In vivo, in vitro, in silico - der Dreisatz der Systembiologie

HepatoSys - Kompetenznetz für Systembiologie an Leberzellen - identifiziert erstmals zyklisches Verhalten in der JAK-STAT Signalübertragung durch Versuche am mathematischen Modell

19.05.2006

Prof. Jens Reich, Biomathematiker und Mitglied des nationalen Ethikrates, ist einer der Wissenschaftler, der im systembiologischen Kompetenznetz HepatoSys einem großen Rätsel des Lebens auf der Spur ist. Ihm geht es um die Frage, wie biologische Systeme mit einer riesigen Anzahl von Teilprozessen funktionieren können. Um diese Verflechtungen zu verstehen, kommt es nicht nur darauf an, Akteure wie Proteine und Enzyme in diesem Spiel zu identifizieren. Genauso wichtig ist es, ihre Wechselwirkungen untereinander zu erforschen.
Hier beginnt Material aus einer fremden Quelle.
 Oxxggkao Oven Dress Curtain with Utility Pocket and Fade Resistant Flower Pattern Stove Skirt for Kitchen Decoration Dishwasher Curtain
Die enge Zusammenarbeit von experimentell arbeitenden Wissenschaftlern aus Biologie und Medizin mit am Computer modellierenden Theoretikern der Fachbereiche Mathematik, Physik und Ingenieurwissenschaften hat sich bereits bewährt. Zwei Jahre nach Beginn des BMBF-Förderschwerpunkts Systembiologie haben die 'Netzwerker' von HepatoSys einen ersten Meilenstein auf dem Weg zur virtuellen Leberzelle gesetzt. Das Ziel, physiologische Prozesse nicht nur in vivo (im lebenden Organismus) und in vitro (im Reagenzglas), sondern auch in silico (am Computer) nachzuvollziehen, ist näher gerückt.

Den Wissenschaftlern ist es gelungen, ein mathematisches Modell der so genannten JAK-STAT Signalkaskade zu erstellen, die zur Regulation der Entwicklung und Wachstumskontrolle in Säugetierzellen beiträgt. Mit Hilfe dieses Modells können sie vorhersagen, wie schnell einzelne Schritte der Signalübertragung ablaufen. Überraschend zeigte sich, dass der Signalweg nicht linear verläuft, sondern durch zyklisches Verhalten eine fein abgestimmte Signalübertragung ermöglicht.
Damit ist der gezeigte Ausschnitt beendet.